I created a YouTube video on the Ralph Loop recently. It's long, it's messy; I'm still learning to do YouTube (finding out it's a lot of work). But I follow the process of building an app from generating the idea using AI, to spec'ing it and building it, using the Ralph Loop. I'm finding I'm running into a lot of issues with token rate limiting, when running a long loop of code generation, like overnight, so I explored using both Codex / Claude and local LLMs when I hit rate limits. The files and the file structure of a Ralph Loop are important enough, that I created a scaffolding cli to generate a template for new projects. I still have some things I want to add to it, so it will route to the service with capacity, when one hits a limit. But it's useful, for understanding, the general pattern.

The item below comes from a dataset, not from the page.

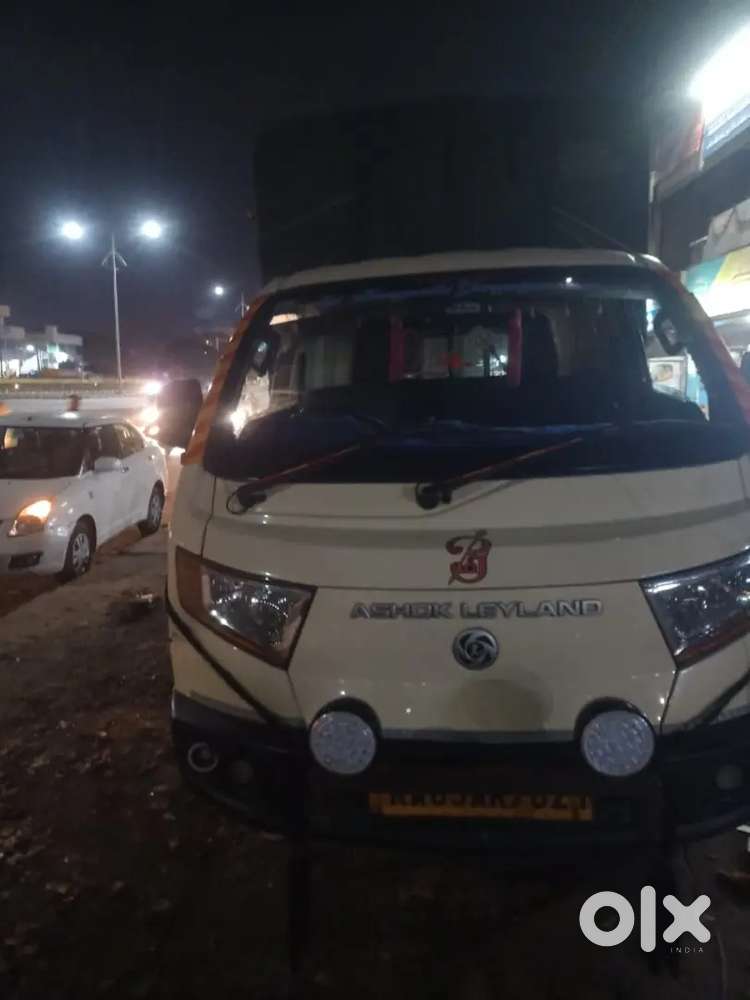 Ashok Leyland Stile 2021 Diesel 350000 Km Driven Good Condition Singal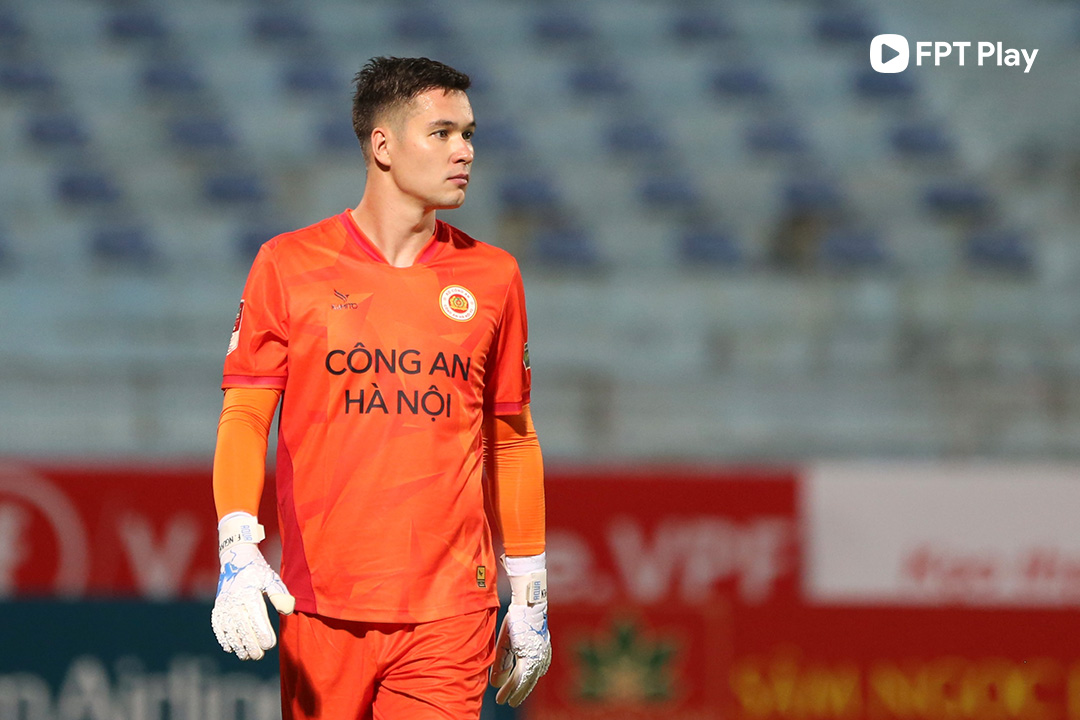Thủ Môn Filip Nguyễn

I've assumed, like with any useful pattern right now, the ralph loop would become productized in some way, and it has. Anthropic released the Ralph Wiggum plugin for Claude Code (which doesn't quite get the pattern right), and then just the other day, OpenAI released a slash command called /goal (and now Anthropic has copied it), which more closely productizes/captures a true ralph loop. I haven't experimented with it yet, but I've watched others use it on YouTube. And, it still requires some knowledge and understanding of the files required, and what's involved in the whole process, to get a good result, and there are already plugins and apps to help with that process. There's a lot of value in understanding the concept, building it yourself. Otherwise you can't reach past the product when it doesn't do what you need. Same, like with OpenClaw – even if it's lost some of its trendiness on X lately, due to some of its core features being productized by Anthropic, it's still extremely useful to understand how it works. If you're an engineer, try building it yourself, configuring it, contributing to the repo. Agents that can do more than chat, are the future. Building and understanding how agents work is, well, Geoff says, it's the new technical baseline for an engineer. And I agree.

Something else I overheard at the event – there were some founders, or "tech celebrities," who get free inference, or access to reduced rate inference from the frontier providers, which to me is indicative of almost a new class divide. Inference is capital. People with access to it can build at scale that others can't. And I'm finding this out now, as Anthropic and to some extent, OpenAI, have continued scaling back unlimited use on their max plans. I'm now unable to run a Ralph Loop overnight with OpenAI or Anthropic Max plans without hitting rate limits. And I wake up to a loop that didn't finish, as a result. There are definitely ways to engineer around that, and local LLMs can supplement. There are open source, and productized agent routing too - I'm seeing a lot of new innovation around solving that problem, met several founders that have solutions for that.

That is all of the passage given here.